Demikianlah beliau melaksanakan konsep itu dengan membangun pasraman. Setelah Ida Bagus Angker meraga putus dengan gelar Bhagawan Resi Canggu, beliau menjadi Adi Guru Loka. Artinya menjadi gurunya masyarakat luas. Bukan semata-mata guru dari warga atau wangsanya saja. Bukan di-diksha sebagai seorang dwijati terlebih dahulu melangsungkan upacara mapamit pada sanak keluarganya. Secara formal beliau tidak lagi menjadi milik keluarga saja. Artinya beliau tidak lagi sebagai ayah, kakek, kakak, adik, dst. Besoknya setelah berstatus dwijati beliau menjadi gurunya masyarakat luas, tentunya termasuk mantan keluarganya.
Itulah sebabnya, menurut Wiana, keberadaan Pura Patali di Desa Jati luwih Kecamatan Penebel ini menjadi bagian yang tidak terpisahkan dengan Pura Resi dan Pura Jati Luwih Kawitan Bujangga Waisnawa tersebut. Dinyatakan pula, putra Ida Bhagawan Resi Waisnawa Canggu, Ida Bhagawan Guru menikah dengan putra Dalem Watu Renggong yang bernama I Dewa Ayu Laksemi. Ini artinya Pura Patali di bangun oleh Ida Bhagawan Canggu pada zaman pemerintah Dalem Watu Renggong yang memerintah Bali tahun 1460-1550 Masehi.
Pelinggih utama di Pura Patali ini adalah berbentuk bebaturan atau terpasang sebagai stana Ida Batara Luhur Pura Patali. Di pura ini terdapat satu benda peninggalan tradisi megalitikum berupa bat persegi yang sisinya tidak beraturan. Peninggalan inilah yang diebut Pejenengan Ida Batara Pucak Patali. Dan proses pendirinya, kita akan melihat bahwa Pura Patali ini merupakan Pasraman Ida Bagus Angker, leluhur wangsa Bujangga Waisnawa.

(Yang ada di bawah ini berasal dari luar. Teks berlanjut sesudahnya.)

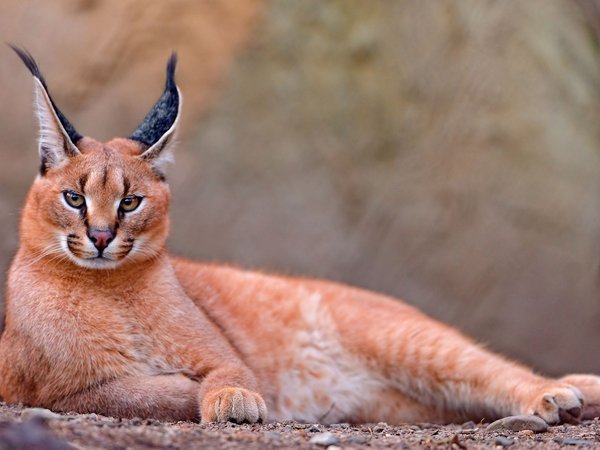 caracal, каракал, степная рысь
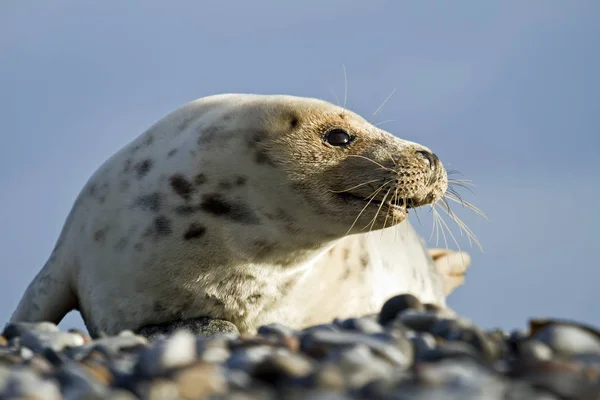 Zeedier Zeezoogdier — Stockfoto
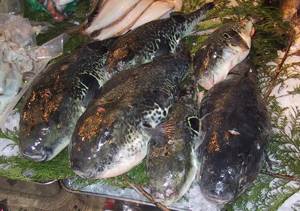 
        Яд рыбы фугу - «природный антистресс»            
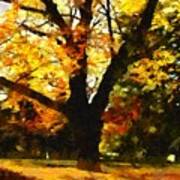 Oak Tree On A Fall Afternoon Poster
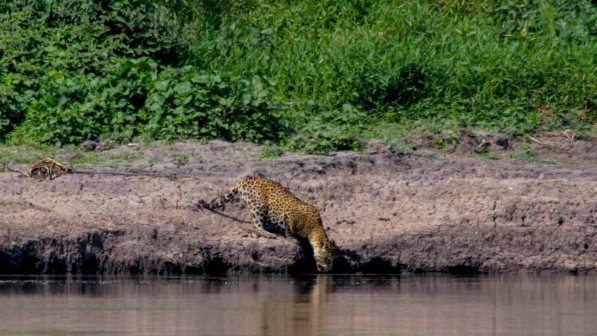 Biodiversità, allarme degli esperti: "E' sotto il livello di guardia nel mondo, pericolo anche per uomo"
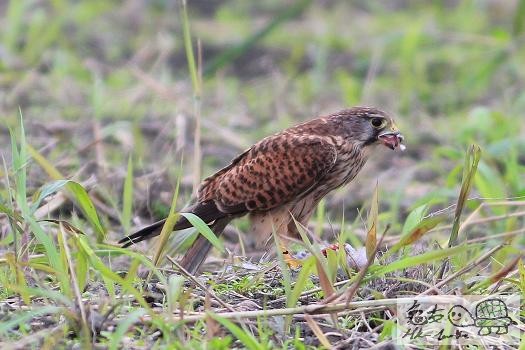 紅隼的野餐...........jpg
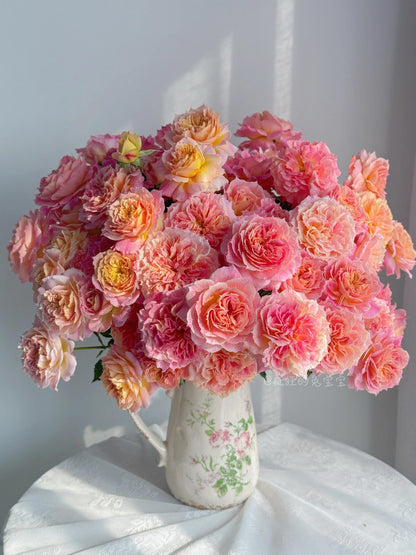Rare Rose  ‘ Chaleur｜シヤル一ル ｜温暖｜夏洛尔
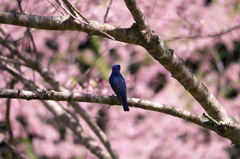 春谷寺 オオルリ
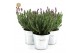 Lavandula stoechas anouk in zinc old-look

Karena itu tepat sekali kesimpulan peneliti pura dari IHD ( UNHI sekarang ) tahun 1982 yang menyatakan bahwa Pura Patali sebagai Pura Dang Kahyangan, artinya pura sebagai pasraman suci dari rsi.
Di Pura ini terdapat juga berbagai pelinggih pasimpangan seperti meru Tumpang Lima di sudut timur laut oada areal Jeroan Pura Utama Mandala. Meru Tumpang Lima ini sebagai media pemujaan Bhatara Dewi Danu di Danau Tamblingan. Upcara Pujawali di Pura Patali ada;ah setiap emnam bulan wuku, yakini tiap Buda Kliwon Wugu. Dengan adanya pemujaan pada Dewi Danu,berarti Pura Patali di samping sebagai pura pasraman juga sebagai pura untuk memohon keselamatan pertanian dan arti luas.
Dengan adanya pelinggih pesimpangan Ida Bhatara Dewi Danu, di Pura Patali ini umat diingatkan untuk menjaga kelestarian danau sebagai sumber air. Kalau melestarikan danau sebagai sumber air tentunya tidak mungkin tidak melakukan upaya Wana Kerti artinya menjaga kelestarian hutan.
Di luar areal pura, yakni di sebelah utara temnok penyengker pura terdapat pelinggih Beji. Di Pelinggih inilah umat memohon bahab tirtha yang digunakan di pura Patali pada saat ada upacara baik upacara piodalan atau pujawali maupun saat hari raya upacara-upacara keagamaan lainnya.